How evolution creates new functions is a much more difficult topic. If you're interested, I recommend "The Selfish Gene". It's the best book I've ever read.

>Gradient descent and other gradient-based optimizers are way way faster where we can apply them

The second point is based on my (limited) understanding of non-biology things. Please point me in the right direction if you see me making a mistake.

Gradient descent etc. are way faster when we can apply them. But I don't think we can apply them to these problems.

My understanding of modern machine learning is that it can be creative in constrained environments. I hear move 37 is a great example but I don't know enough about go to feel any sort of way about it. My sense is: if you limit the problem space gradient decent can find creative solutions.

But intelligence like you or I's operates in an unconstrained problem space. I don't think you can apply gradient descent because, how the heck could you possibly score a behavior?

This is where evolution excels as an algorithm.
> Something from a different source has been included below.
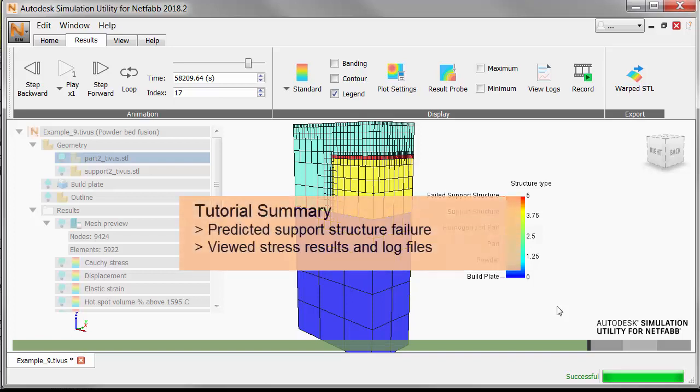And just to summarize, in this exercise we learned how to predict support structure failure, and view stress results and log files.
It can take an infinite problem space and consistently come up with "valid" solutions to it.

>the brain probably can't do proper backprop for architectural reasons but I am confident it uses something much smarter than blind evolutionary search.

I think Darwin Machines might be able to explain "animal intelligence". But human intelligence is a whole other deal. There's some incredible research on it that is (as far as I can tell) largely undiscovered by AI engineers that I can share if you're interested.

> When I first read about Darwin Machines, I looked up "evolutionary algorithms in AI", thought to myself "Oh hell ya, these CS folks are on it" and then was shocked to learn that "evolutionary algorithms" seemed to be based on an old school conception of evolution.

I think a lot of the genetic algorithms people do implement recombination-like things. Most of the things operated on aren't really structured like genomes so it makes less sense there.

> But intelligence like you or I's operates in an unconstrained problem space. I don't think you can apply gradient descent because, how the heck could you possibly score a behavior?

> This is where evolution excels as an algorithm. It can take an infinite problem space and consistently come up with "valid" solutions to it.

Evolutionary search also relies on scoring. Genetic algorithms on computers hardcode a "fitness function" to determine what solutions are good and should be propagated and biological evolutionary processes are implicitly selecting on "inclusive genetic fitness" or something. You can't apply gradient-based optimizers directly to all of these, though, because they are not (guaranteed to be) differentiable. There are lots of ways to optimize against nondifferentiable functions in smarter ways than evolutionary search, and these come under "reinforcement learning", which does work but is generally more annoying than (self-)supervised algorithms.

> I think Darwin Machines might be able to explain "animal intelligence". But human intelligence is a whole other deal. There's some incredible research on it that is (as far as I can tell) largely undiscovered by AI engineers that I can share if you're interested.

As far as I know human brains are more or less a straight scaleup of smaller primate brains.